Before we go any further, let’s clarify one detail. Despite what the papers say, migrants and asylum seekers are not the same thing. Migrants make a choice to move to a new countries, whereas asylum seekers have to because their lives are under threat in their country of origin. While immigrants themselves are wrongly demonised in the UK, conflating the two does little for people who fall in either category.
So, to be clear, the news today is about asylum seekers, not migrants.
Now to deal with the reaction we’re supposed to have to this news: horror. People who originally sought asylum in France are coming to the UK and only a small number are “returned after being caught sneaking across the Channel” (to borrow the Daily Mail’s eloquent wording, which paints asylum seekers as criminals). ‘They’ should stay in France, each of us should demand. Especially now that the French are building a centre for refugees at Calais.
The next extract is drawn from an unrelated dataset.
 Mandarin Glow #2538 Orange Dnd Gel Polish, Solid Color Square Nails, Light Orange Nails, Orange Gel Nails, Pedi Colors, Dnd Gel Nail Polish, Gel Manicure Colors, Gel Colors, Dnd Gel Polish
Yet alongside the use of correct terminology, what today’s newspapers are missing is humanity. Asylum seekers, who the likes of the Daily Mail are writing about so cruelly, are human beings. They are people seeking refuge for numerous reasons; from escaping the effects of war to running from persecution because of their sexuality, religion, race or gender.
This campaign of dehumanisation is all the more bitter because it was the Labour Party that set this ball in motion; releasing the figures so they can humiliate the Government on their record. Shadow immigration minister David Hanson has pointed out that “ministers aren’t taking the simple and accepted step of returning people to France when they’ve come through Calais to claim asylum here.”
As it stands people who are seeking asylum are supposed to do so in the first member state they arrive. If they move to another country they can be returned to the original EU country to which they landed. The Labour leadership are well within their rights, then, to point out that the Coalition have failed to return asylum seekers who first arrived in France across the Channel.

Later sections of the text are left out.